(Stored dataset items)
-- Opening Marker --
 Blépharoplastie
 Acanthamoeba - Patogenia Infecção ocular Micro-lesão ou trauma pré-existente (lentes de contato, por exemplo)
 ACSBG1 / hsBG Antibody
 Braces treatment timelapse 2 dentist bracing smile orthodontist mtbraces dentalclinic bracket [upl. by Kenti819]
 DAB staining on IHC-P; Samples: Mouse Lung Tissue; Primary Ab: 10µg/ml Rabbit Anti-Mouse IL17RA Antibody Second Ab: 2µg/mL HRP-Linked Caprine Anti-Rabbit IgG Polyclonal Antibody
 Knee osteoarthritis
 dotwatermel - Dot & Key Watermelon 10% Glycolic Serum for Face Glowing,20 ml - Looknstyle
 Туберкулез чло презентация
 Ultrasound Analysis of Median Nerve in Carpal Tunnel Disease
-- Closing Marker --
> _What to work on_
Please retype all of the records above exactly as they are.

> _Written response_
 Blépharoplastie
 Acanthamoeba - Patogenia Infecção ocular Micro-lesão ou trauma pré-existente (lentes de contato, por exemplo)
 ACSBG1 / hsBG Antibody
 Braces treatment timelapse 2 dentist bracing smile orthodontist mtbraces dentalclinic bracket [upl. by Kenti819]
 DAB staining on IHC-P; Samples: Mouse Lung Tissue; Primary Ab: 10µg/ml Rabbit Anti-Mouse IL17RA Antibody Second Ab: 2µg/mL HRP-Linked Caprine Anti-Rabbit IgG Polyclonal Antibody
 Knee osteoarthritis
 dotwatermel - Dot & Key Watermelon 10% Glycolic Serum for Face Glowing,20 ml - Looknstyle
 Туберкулез чло презентация
 Ultrasound Analysis of Median Nerve in Carpal Tunnel Disease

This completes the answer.